The Victims of Communism Museum provides access to all 50 of Getman's paintings together with explanations of their significance. Their impact is especially effective in providing visual representations of the conduct of the camps, the harsh working conditions, the severe climate and the fate of the prisoners themselves.

The Gulag paintings were not shown until 1993 at a private exhibition in the gallery of the Russian Artists' Union in Orel. In 1995, there was a special ceremony in the Turgenev Theatre in Orel where a Getman exhibition entitled "The Gulag in the Eyes of an Artist" was opened in the presence of the artist and Aleksandr Solzhenitsyn, author of The Gulag Archipelago.

In June 1997, the private exhibition "The Gulag in the Eyes of an Artist" was displayed at the U.S. Congress in Washington, D.C.

== Other artistic activities ==

In 1953, after his release, Getman worked as an artist in the House of Culture in Yagodnoe in Magadan Oblast.

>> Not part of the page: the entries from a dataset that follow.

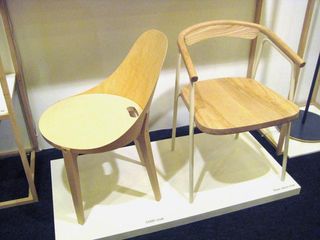Two wooden chairs (one with arm and the other armless) photographed on a white base , against a white wall
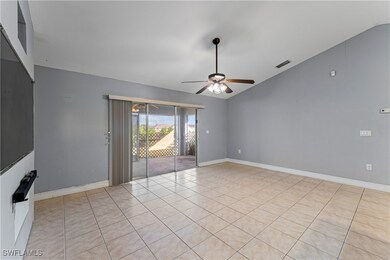 Unfurnished room with light tile patterned floors,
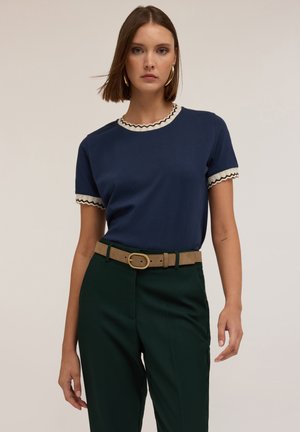 Camiseta de manga corta azul marino con un escote y mangas en crema con forma de ondas. Combinada con unos pantalones verdes de cintura alta y un cinturón beige con una hebilla dorada.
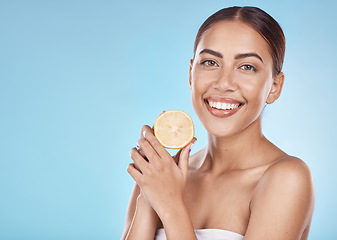 Image showing Wellness, facial and lemon portrait of girl with natural smile and healthy glow for marketing. Beauty, skincare and self care model with fruit for cosmetic advertising in blue studio mockup.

In 1956, he took part in an exhibition of the works of artists from Siberia and the Kolyma region and became a candidate for the USSR Union of Artists in 1957. In April 1963, he took part in the Second Congress of the USSR Artists' Union in Moscow, and in 1964 became a member of the USSR Artists' Union. He helped organize the Magadan Artists' Union and became director of the Magadan section of the Arts Foundation of the RSFSR from 1963 to 1966. In 1976, he moved from Magadan to Orel, where he had a studio in the local branch of the Russian Artists' Union. During this period he was also required to paint a number of portraits of political figures.

He participated in several art exhibitions across the Soviet Union as well as in Germany, Bulgaria, Finland and The Netherlands.

== Purpose of his art ==

Getman was clear about his goal: "Some may say that the Gulag is a forgotten part of history and that we do not need to be reminded. But I have witnessed monstrous crimes. It is not too late to talk about them and reveal them. It is essential to do so. Some have expressed fear on seeing some of my paintings that I might end up in Kolyma again—this time for good. But the people must be reminded...of one of the harshest acts of political repression in the Soviet Union. My paintings may help achieve this."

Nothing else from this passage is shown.